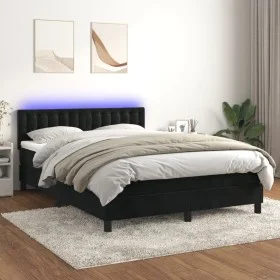 Cama box spring colchón y LED terciopelo negro 140x200 cm de vidaXL, Camas y somieres - Ref: Foro24-3134647, Precio: 426,56 €...
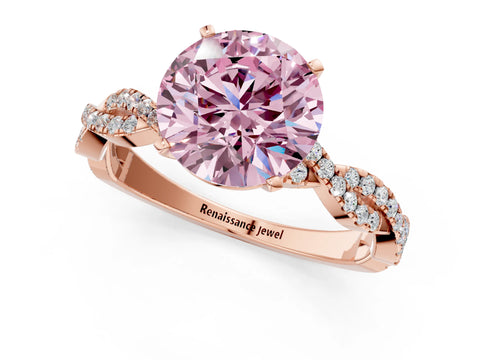 Rose gold Fancy Pink Round Cut Solitaire Twisted Pave Band with Four-Prong Setting_4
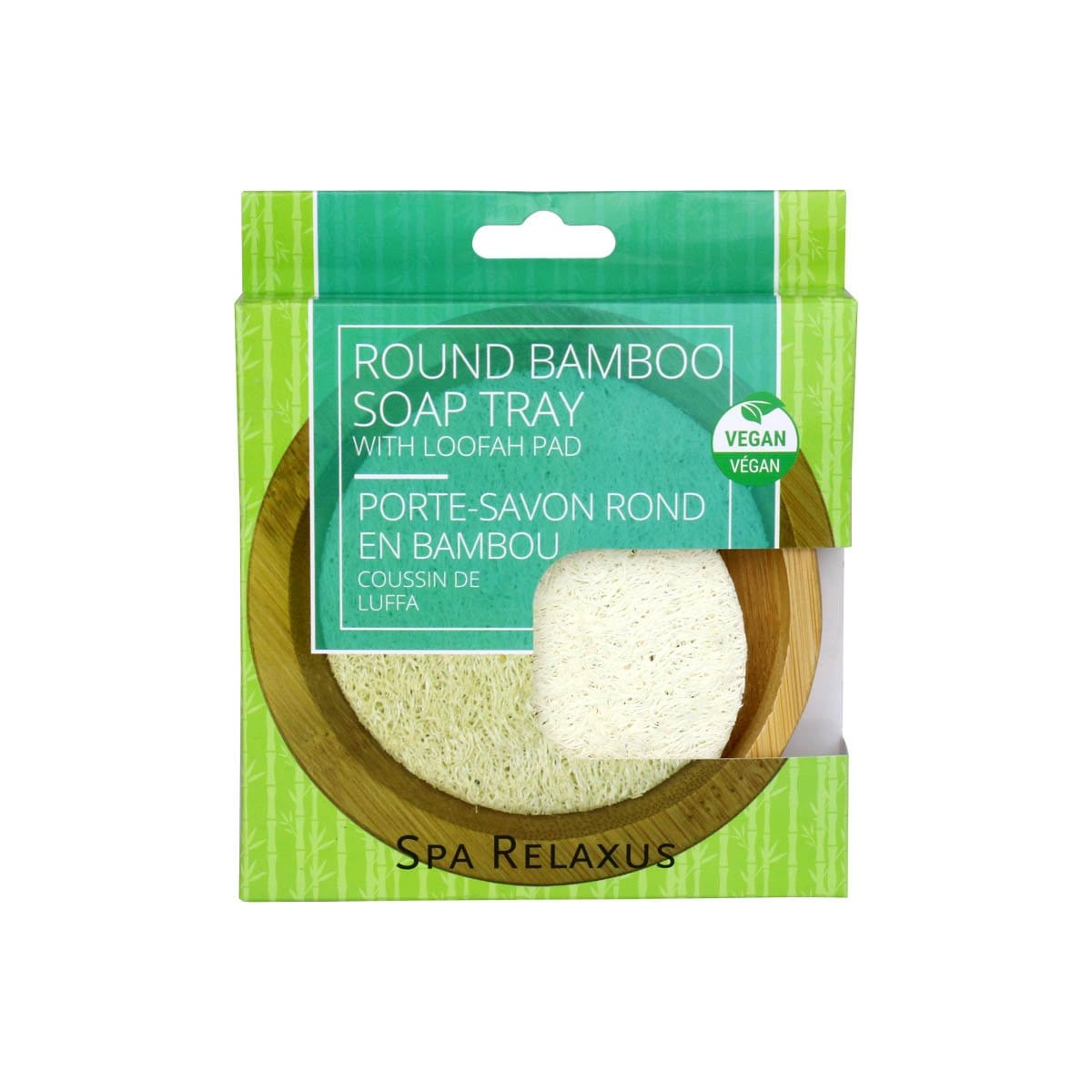 Round Bamboo Soap Tray with Loofah Pad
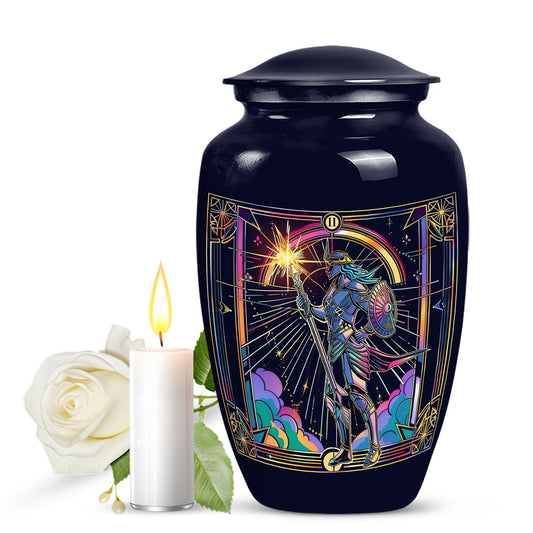 Classic 10 inch Zodiac Urn, large memorial aluminum urn.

What to work on:
Your copy should start at the line with "Rose gold Fancy", stop at the last line of the listing above, match exactly, and contain no pictures.

Exercise answer:
 Rose gold Fancy Pink Round Cut Solitaire Twisted Pave Band with Four-Prong Setting_4
 Round Bamboo Soap Tray with Loofah Pad
 Classic 10 inch Zodiac Urn, large memorial aluminum urn.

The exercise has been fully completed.